I mentioned the other day the unusually long theatrical releases enjoyed in years past by films such as The Wild Bunch (seven years or so, in one UK cinema at least) and Reservoir Dogs (not quite as long, but over a wider area). However, as chance would have it one of the ‘high number’ TV channels in my region happened to be showing a film which puts both of these in the shade, by which I mean it was originally released in 1975 and is technically still running in some cinemas today (even if only at midnight on the weekends). No ordinary film gets a 44 year theatrical run, and whatever else you want to say about it, Jim Sharman’s The Rocky Horror Picture Show is not what you’d call an ordinary film.

From a certain point of view it resembles a fairly typical film adaptation of a successful stage show, but then this is to miss the unique nature of the Rocky Horror phenomenon. Rocky Horror is, of course, synonymous with its creator, Richard O’Brien, who is something of a genial self-mythologiser (at least where the origins of the show are concerned). One version of the story has it that O’Brien was appearing in Jesus Christ Superstar in London’s West End when the creator of that show, Andrew Lloyd Webber, attended a show and was sufficiently unimpressed by O’Brien’s performance that he had him sacked on the spot – unable to get work as a result, O’Brien wrote Rocky Horror as a way of making some money (other versions are less dramatic and suggest the actor started work on the project simply to amuse himself). Richard O’Brien has also suggested that the tone of the show was a calculated choice based on the fact that the two most successful film series in British history are the Hammer horrors and the Carry On films, and that Rocky Horror is intended as a kind of mash-up of the two. This strikes me as disingenuous, to say the least – it sounds good, but the film itself doesn’t really seem to show either as a significant influence.

The film concerns the travails of (initially) wholesome young couple Brad Majors (Barry Bostwick) and Janet Weiss (Susan Sarandon); the setting feels like it should be the Fifties but there is a very deliberate choice to show the characters listening to Nixon’s resignation on the radio at one point. Anyway, having recently become engaged, Brad and Janet are travelling to visit an old friend when their car breaks down and they have to take refuge in the mansion of eccentric (to say the least) scientist Dr Frank N Furter (Tim Curry), who is hosting a gathering of like-minded friends. The occasion is to celebrate the fact that he has recently completed an extraordinary experiment, and created a man in his laboratory! Although his motives for doing so are probably best not dwelt upon…

One thing you can say about The Rocky Horror Picture Show is that it has a visual identity of its own like few other films: if you come across it while channel-surfing, it’s instantly obvious what it is, perhaps (given the remarkable cultural penetration of the show) even if you’ve never seen it before. The movie is consumed by a camp sensibility in a way matched by few others, and this extends to the costumes, the set dressing, and most of the performances. It is its own thing much more than it is a spoof of any other film or genre.
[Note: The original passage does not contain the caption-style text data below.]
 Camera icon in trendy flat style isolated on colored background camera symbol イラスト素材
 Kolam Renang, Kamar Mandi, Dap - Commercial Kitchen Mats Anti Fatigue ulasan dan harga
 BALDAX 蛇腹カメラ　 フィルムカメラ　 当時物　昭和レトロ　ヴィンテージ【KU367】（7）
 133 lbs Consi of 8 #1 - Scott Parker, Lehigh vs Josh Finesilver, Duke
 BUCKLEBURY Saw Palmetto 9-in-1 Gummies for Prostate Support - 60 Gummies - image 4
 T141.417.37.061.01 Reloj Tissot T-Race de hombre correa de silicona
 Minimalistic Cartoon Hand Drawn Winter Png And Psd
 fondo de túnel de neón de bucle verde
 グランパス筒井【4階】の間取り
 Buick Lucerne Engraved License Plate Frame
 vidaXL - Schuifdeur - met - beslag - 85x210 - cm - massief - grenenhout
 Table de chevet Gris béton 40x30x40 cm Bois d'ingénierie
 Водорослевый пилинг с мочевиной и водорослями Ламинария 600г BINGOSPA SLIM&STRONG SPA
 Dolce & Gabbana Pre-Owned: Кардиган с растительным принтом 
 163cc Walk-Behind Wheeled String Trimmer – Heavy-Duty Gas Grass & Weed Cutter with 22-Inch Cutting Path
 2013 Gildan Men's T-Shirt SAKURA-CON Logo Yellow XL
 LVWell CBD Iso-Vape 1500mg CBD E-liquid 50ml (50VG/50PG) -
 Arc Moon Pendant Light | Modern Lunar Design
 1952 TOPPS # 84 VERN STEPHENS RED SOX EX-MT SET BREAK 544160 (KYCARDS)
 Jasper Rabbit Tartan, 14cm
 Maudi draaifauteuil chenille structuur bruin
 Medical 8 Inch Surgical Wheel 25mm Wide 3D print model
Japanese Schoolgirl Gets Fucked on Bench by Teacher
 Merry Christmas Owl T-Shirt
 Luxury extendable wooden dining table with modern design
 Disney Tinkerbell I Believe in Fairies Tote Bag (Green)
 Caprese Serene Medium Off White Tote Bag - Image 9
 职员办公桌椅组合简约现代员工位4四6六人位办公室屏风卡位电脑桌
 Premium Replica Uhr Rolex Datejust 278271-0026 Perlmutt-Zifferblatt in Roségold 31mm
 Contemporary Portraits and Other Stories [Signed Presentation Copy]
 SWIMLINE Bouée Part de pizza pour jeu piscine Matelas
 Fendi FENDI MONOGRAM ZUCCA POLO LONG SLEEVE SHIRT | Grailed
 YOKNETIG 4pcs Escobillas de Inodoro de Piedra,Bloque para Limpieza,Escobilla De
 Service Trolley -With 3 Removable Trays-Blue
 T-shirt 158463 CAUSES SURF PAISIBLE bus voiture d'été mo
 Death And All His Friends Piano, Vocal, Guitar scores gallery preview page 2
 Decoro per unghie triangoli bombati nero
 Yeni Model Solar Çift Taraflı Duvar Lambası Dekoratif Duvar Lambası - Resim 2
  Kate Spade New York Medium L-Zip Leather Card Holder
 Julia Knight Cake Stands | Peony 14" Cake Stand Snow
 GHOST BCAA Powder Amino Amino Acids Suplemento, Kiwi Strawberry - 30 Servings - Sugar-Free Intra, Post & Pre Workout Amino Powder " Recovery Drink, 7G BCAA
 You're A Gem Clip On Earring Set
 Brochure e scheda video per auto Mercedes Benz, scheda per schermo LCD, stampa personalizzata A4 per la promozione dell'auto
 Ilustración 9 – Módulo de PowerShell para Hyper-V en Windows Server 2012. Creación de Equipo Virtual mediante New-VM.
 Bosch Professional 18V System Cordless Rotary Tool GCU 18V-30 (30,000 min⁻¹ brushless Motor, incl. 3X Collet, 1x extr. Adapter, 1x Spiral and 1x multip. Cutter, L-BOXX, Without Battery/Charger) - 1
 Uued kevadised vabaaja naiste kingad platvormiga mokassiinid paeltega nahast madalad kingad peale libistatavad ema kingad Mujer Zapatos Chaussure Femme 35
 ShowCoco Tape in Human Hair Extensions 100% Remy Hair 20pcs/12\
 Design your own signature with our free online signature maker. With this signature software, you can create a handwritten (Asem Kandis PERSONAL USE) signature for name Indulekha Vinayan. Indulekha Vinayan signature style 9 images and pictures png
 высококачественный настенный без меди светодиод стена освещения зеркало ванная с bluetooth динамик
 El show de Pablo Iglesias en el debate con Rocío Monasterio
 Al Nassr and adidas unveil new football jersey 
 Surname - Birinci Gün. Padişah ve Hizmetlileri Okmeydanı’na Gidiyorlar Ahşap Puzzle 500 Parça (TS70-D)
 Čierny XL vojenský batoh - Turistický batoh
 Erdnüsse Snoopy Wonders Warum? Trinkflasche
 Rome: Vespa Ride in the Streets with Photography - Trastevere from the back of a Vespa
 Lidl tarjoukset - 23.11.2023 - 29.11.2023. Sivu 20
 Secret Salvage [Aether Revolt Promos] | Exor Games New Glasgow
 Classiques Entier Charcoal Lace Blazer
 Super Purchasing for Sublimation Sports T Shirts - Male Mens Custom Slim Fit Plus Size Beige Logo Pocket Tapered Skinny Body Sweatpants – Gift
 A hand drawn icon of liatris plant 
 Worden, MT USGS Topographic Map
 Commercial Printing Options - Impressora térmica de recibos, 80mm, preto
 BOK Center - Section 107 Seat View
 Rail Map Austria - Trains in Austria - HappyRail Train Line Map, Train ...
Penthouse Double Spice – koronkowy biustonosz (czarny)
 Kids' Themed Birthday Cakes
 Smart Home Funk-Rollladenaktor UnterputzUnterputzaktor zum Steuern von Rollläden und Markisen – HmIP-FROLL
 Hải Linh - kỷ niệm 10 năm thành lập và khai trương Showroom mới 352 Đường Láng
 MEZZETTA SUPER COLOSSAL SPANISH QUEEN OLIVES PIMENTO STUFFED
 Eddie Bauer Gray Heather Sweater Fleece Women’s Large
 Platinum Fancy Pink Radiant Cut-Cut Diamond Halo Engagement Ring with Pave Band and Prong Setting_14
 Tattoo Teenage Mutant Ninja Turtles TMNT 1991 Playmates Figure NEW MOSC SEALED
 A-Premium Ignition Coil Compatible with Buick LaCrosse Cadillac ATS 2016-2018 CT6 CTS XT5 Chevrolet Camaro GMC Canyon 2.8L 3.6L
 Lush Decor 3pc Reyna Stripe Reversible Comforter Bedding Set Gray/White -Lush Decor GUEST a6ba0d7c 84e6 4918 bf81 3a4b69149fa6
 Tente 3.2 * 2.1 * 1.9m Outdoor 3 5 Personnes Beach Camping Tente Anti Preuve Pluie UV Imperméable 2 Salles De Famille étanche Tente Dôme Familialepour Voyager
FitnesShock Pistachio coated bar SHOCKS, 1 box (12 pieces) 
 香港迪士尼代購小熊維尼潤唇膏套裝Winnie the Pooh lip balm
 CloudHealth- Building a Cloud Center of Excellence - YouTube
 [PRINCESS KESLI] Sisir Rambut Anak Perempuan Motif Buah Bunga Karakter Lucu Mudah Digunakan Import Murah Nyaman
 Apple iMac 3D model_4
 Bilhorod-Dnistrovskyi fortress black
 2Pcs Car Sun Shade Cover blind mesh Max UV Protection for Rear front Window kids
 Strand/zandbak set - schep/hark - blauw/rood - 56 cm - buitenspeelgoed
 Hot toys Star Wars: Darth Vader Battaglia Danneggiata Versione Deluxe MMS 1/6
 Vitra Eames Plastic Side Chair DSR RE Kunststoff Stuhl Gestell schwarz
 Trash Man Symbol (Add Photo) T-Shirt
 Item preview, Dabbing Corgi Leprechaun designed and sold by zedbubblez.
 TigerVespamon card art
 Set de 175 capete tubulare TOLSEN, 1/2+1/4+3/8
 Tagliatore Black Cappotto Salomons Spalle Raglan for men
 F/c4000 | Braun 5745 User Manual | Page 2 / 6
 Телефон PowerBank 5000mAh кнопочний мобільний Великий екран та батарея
As I say, I’m dubious about O’Brien’s suggestion that Rocky Horror has much to do with the Carry Ons or Hammer (though I detect a certain commonality of approach with the Dr Phibes films). The closest real link between the House of Horror and Rocky Horror (unless you count Charles Gray’s appearance) is that the latter re-uses some old props from Revenge of Frankenstein, and was filmed on location at Hammer’s old base at Bray Studios. It doesn’t really have the relentless innuendo or slapstick (or indeed the actual sense of innocence) you usually find in a Carry On film; compare The Rocky Horror Picture Show with Carry On Screaming and you’ll see that these two films are actually quite far apart in tone and approach.

The film seems to owe at least as big a debt to American sci-fi movies of the Fifties as it does to any English influence – the litany of films invoked by O’Brien in the iconic opening number is mostly American, after all. The setting is certainly American and the plot refers to things like the UFO flap of the 1950s. The clincher, for me, is the musical score, which is stuffed with pastiche rock ‘n’ roll songs intended to recall the same period. If Rocky Horror starts anywhere, it is as a piece of fake Americana, eventually subverted by notions of campness.

Whatever it’s supposed to be, I always find The Rocky Horror Picture Show to be terrifically watchable, mainly because the songs are so good. The slow ones are generally at least pleasant and easy on the ear, while the up-tempo numbers are fun and witty (the complaint that they all sound the same seems to me to be a bit unfair, given they were all written in the same rock ‘n’ roll mode). The cast put them over well, too – I can’t honestly claim to ever have been fond of ‘Let’s Do the Time Warp Again’, but I really like ‘Science Fiction Double Feature’, ‘Damn It Janet’, and many of the others.

If there’s a problem, it’s that – viewed as a piece of conventional musical theatre – The Rocky Horror Show is all over the place. It does contain ‘I Am’ and ‘I Want’ songs, but they’re often in very peculiar places – the most obvious example of an ‘I Want’ song is ‘Touch-a Touch-a Touch Me’, but it’s nearly halfway through the film (much later than is normal). The plot of the film basically falls to bits even earlier than this, at least in terms of normal narrative progression. There’s really no point in worrying too much about the story, because it simply doesn’t make a lot of sense or follow any real logic. Well before the end, the film simply becomes a collection of (pretty good) songs – tellingly, it also becomes essentially sung-through, after the opening includes a reasonable amount of dialogue.

Devotees of the film and the show would doubtless say that Rocky Horror is about an attitude more than a narrative, and I couldn’t honestly argue with them. You could perhaps make a case that the film is about the way in which strait-laced American society in the 1950s was undermined and subverted by the permissiveness of the 1960s and early 70s, symbolised here by rock ‘n’ roll music and the film’s obsession with cross-dressing and minority sexual practices, but looking for a serious subtext to The Rocky Horror Picture Show is surely missing the point by an enormous margin.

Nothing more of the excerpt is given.